Dampak dari ketakutan yang menteror setiap saat adalah munculnya perasaan tertekan, apatis dan paranoid hingga menuju dua titik puncak antara; kelelahan atau nekad. “Kelelahan” akan membawa bangsa Indonesia kepada ambruknya kepedulian terhadap tata kehidupan berbangsa, bernegara dan bermasyarakat. “Kenekadan” akibat tekanan yang datang bertubi-tubi dari berbagai sisi kehidupan akan membawa bangsa ini menuju pemberontakan terhadap nilai-nilai kearifan lokal hingga kelak memicu lahirnya generasi berkualitas barbar dan biadab. Inilah bentuk dan wujud kemiskinan bangsa yang sesungguhnya yaitu; ketika mereka tidak mempunyai, tidak mengenal, dan tidak memahami lagi jati dirinya. Di negeri ini, jangankan mengenali para leluhur bahkan dirinya sendiri tidak mereka kenali. Proses “pemiskinan nasional” pada prinsipnya sudah terjadi sejak lama (+/- abad ke 13M) yaitu, sejak nilai-nilai kearifan lokal yang dibangun oleh para leluhur bangsa dibabat habis oleh ajaran bangsa pendatang, diawali dengan ‘pelarangan’ penggunaan huruf dan bahasa persatuan negara (bukan bahasa Indonesia seperti yang kita kenal sekarang).

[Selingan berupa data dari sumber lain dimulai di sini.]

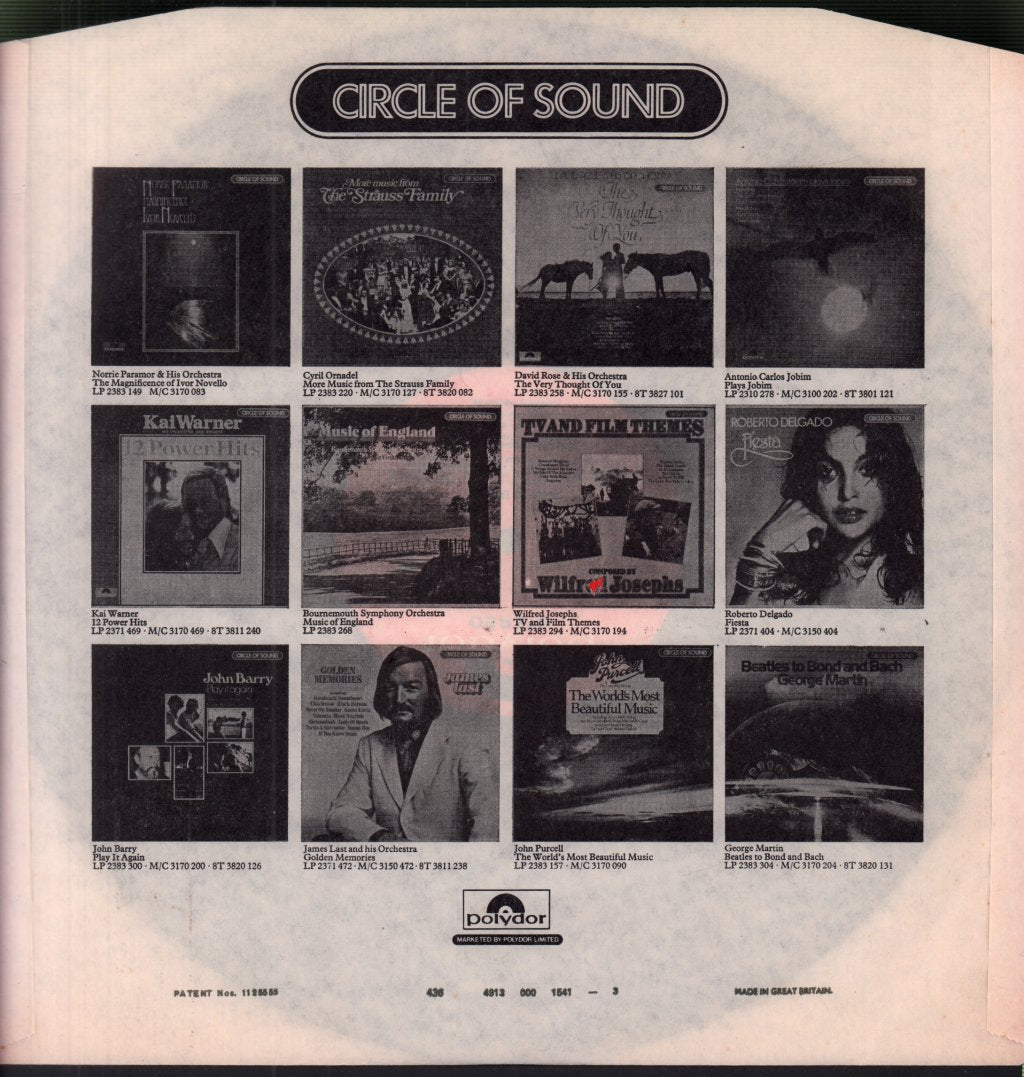 Bournemouth Symphony Orchestra - Music Of England - Lp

Serangan tersebut berhasil gemilang dan tumbuh subur di Bumi Pertiwi hingga saat ini, penyusupan demi penyusupan dilakukan dan kini mereka banyak memiliki kaum cerdik pandai yang siap adu argumen, mempunyai wadah pembinaan usia dini dan dewasa, bahkan tidak kepalang tanggung kini mereka memiliki laskar sukarelawan berani mati demi mempertahankan ajaran leluhur bangsa lain itu, jumlahnya tak perlu diragukan lagi bukan ribuan tetapi jutaan. Akibat kondisi dan situasi tersebut di atas maka Manusia Indonesia Putra Ibu Pertiwi, Sang Pewaris Negeri yang sesungguhnya terpaksa harus hidup dalam perenungan dan pengasingan, menyisihkan diri dari kehidupan sebab sudah terkepung oleh kaum hama pengerat yang siap adu nyawa. Para Pewaris Negeri dengan bijak mengundurkan diri dari persoalan kebangsaan dan kenegaraan bukan karena “takut” tetapi mereka tidak menginginkan terjadinya perpecahan dan pertumpahan darah di Ibu Pertiwi Tanah Suci Bangsa Indonesia.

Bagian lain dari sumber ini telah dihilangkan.